Entonces, con una preparación deliberada para abastecernos, el 15 de julio de 2015 nos pusimos en marcha en el sendero de John Muir, y ese día (exponencialmente más difícil que Philmont) se convirtió rápidamente en uno de los más arduos de mi vida. Las montañas de Sierra Nevada dan una buena paliza, de todas formas, pero como corredores de senderos estábamos acostumbrados a llevar un equipo mínimo y movernos relativamente rápido por el terreno. Incluso con una mochila extremadamente ligera, no estábamos acostumbrados a tener peso sobre nuestras espaldas. En últimas, esa sería nuestra perdición.
La aventura en el sendero de John Muir que vivimos mi padre y yo, de la cual hicimos 60 (96 km) de las 211 millas (339 km), puede parecer un fracaso para la mayoría. No completamos el trayecto que nos habíamos propuesto realizar. Sin embargo, no veo el fracaso como algo que me frene.
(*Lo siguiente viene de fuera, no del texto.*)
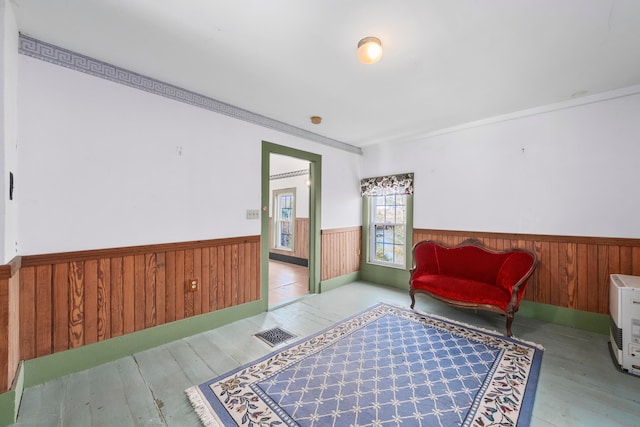 sitting room featuring ornamental molding, light hardwood / wood-style floors, and wooden walls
Ese viaje, específicamente debido a su brutalidad y al hecho de que no terminamos, moldeó mi vida para siempre. Me dio una idea de lo que era capaz, tanto en grandes aventuras como en la vida cotidiana. Me permitió revelar aspectos de mí mismo que nunca supe que existían, lo que alimentó mis esfuerzos a futuro.
El fracaso y la incomodidad son maestros sabios, es vital recordar eso. Pero realmente aprendemos sus lecciones cuando seguimos adelante y nos negamos a rendirnos. Philmont y el sendero de John Muir fueron parte de un camino hacia el crecimiento personal que nunca esperé, y al apegarme a ese camino, finalmente pude completar la brutal y transformadora carrera Bryce Canyon 100 el año pasado. Ahora puedo anhelar la próxima aventura, sabiendo que tengo la fuerza para soportarla.